Top of Supplied data

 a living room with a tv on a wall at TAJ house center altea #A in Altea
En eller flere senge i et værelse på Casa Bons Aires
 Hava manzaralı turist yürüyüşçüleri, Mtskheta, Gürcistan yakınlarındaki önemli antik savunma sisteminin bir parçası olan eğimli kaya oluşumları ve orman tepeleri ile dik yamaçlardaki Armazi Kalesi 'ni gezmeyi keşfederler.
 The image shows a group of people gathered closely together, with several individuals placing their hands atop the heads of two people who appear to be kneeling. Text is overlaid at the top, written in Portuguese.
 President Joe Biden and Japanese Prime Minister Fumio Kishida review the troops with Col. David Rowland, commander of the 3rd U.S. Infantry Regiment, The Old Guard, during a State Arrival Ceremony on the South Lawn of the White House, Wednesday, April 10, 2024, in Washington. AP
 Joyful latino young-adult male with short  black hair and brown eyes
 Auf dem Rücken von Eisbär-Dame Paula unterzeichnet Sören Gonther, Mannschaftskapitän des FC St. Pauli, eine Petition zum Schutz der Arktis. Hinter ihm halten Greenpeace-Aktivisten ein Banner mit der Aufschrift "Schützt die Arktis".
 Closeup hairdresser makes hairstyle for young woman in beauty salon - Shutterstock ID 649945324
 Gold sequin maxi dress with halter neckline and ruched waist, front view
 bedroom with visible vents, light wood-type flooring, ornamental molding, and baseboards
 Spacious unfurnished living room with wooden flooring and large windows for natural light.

Bottom of Supplied data
Top of Supplied data

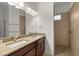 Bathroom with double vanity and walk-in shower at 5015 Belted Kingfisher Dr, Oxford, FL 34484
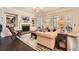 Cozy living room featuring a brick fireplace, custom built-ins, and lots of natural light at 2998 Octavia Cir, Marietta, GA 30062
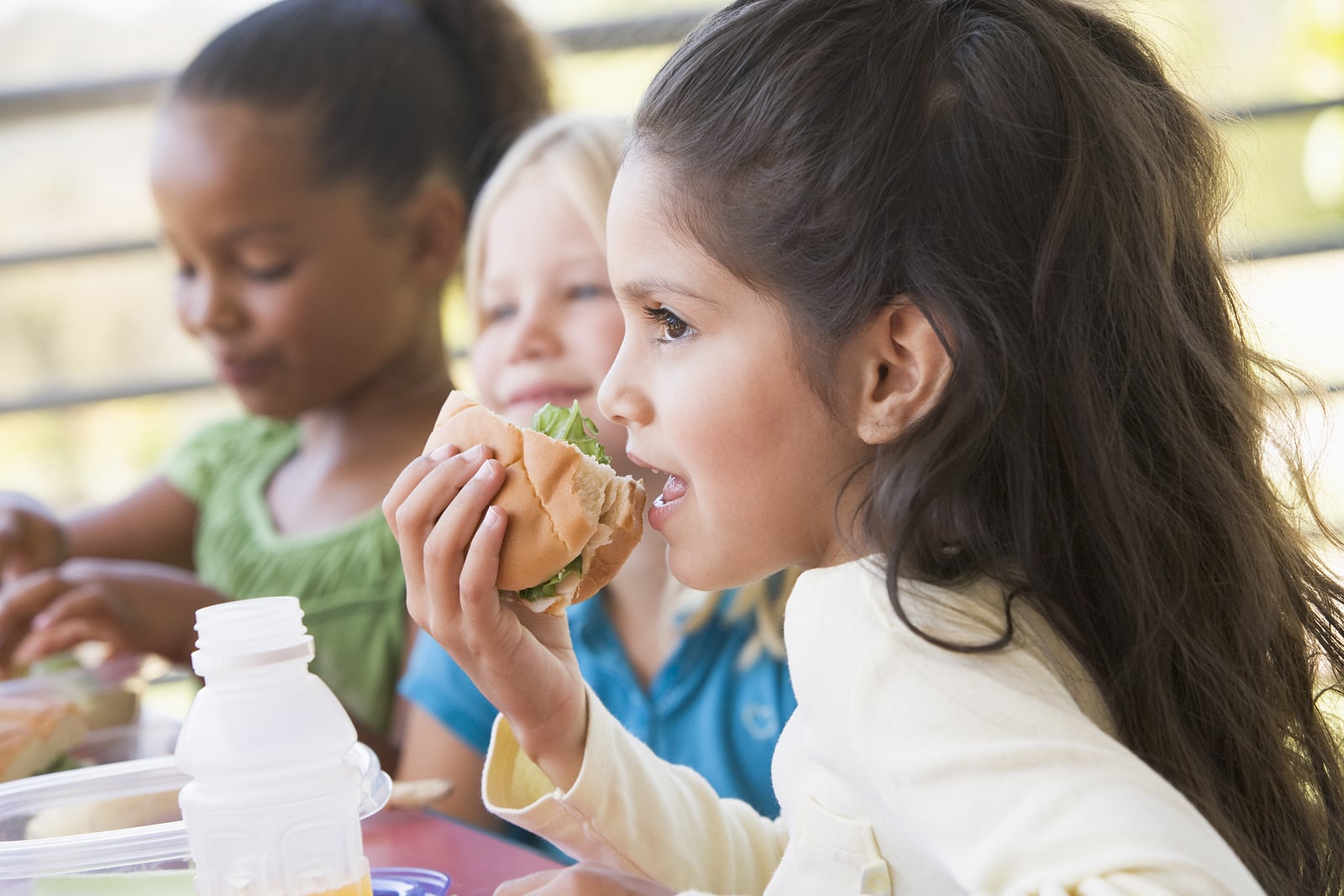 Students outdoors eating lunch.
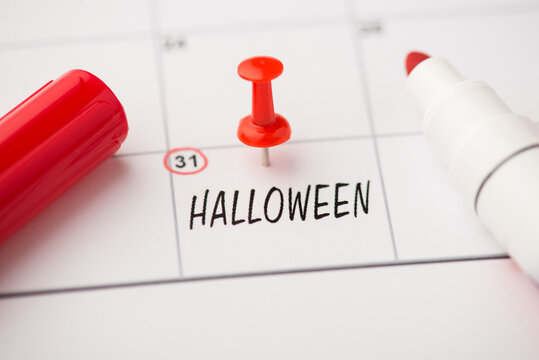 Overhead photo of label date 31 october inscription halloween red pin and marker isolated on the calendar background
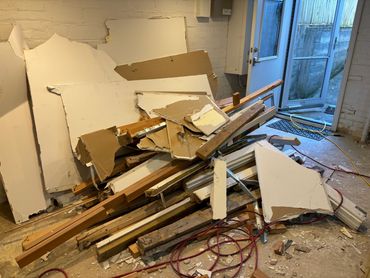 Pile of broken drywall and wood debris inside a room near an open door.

Bottom of Supplied data
Top of Supplied data

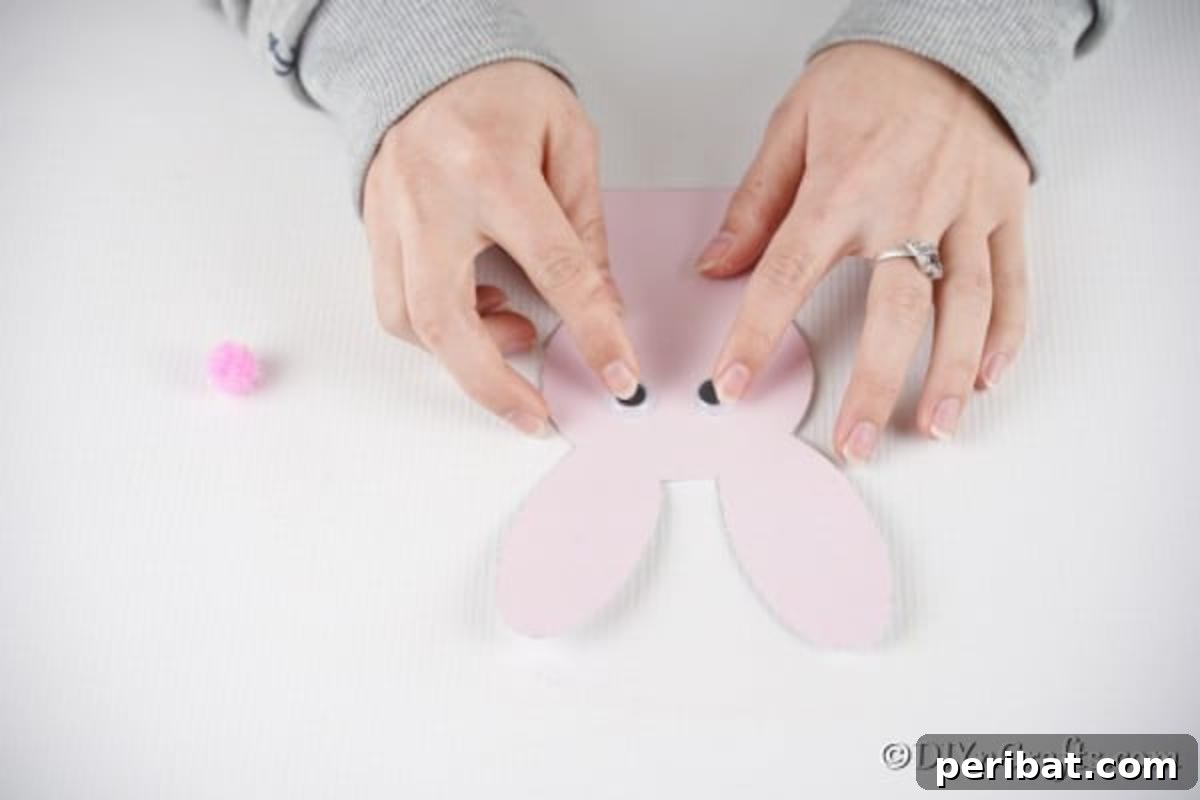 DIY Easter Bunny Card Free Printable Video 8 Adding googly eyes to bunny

Bottom of Supplied data

Above is a listing; print exactly its lines from the one with "En eller flere" through the one with "Hava manzaralı turist", and no other lines.

- [Exercise result]:
En eller flere senge i et værelse på Casa Bons Aires
 Hava manzaralı turist yürüyüşçüleri, Mtskheta, Gürcistan yakınlarındaki önemli antik savunma sisteminin bir parçası olan eğimli kaya oluşumları ve orman tepeleri ile dik yamaçlardaki Armazi Kalesi 'ni gezmeyi keşfederler.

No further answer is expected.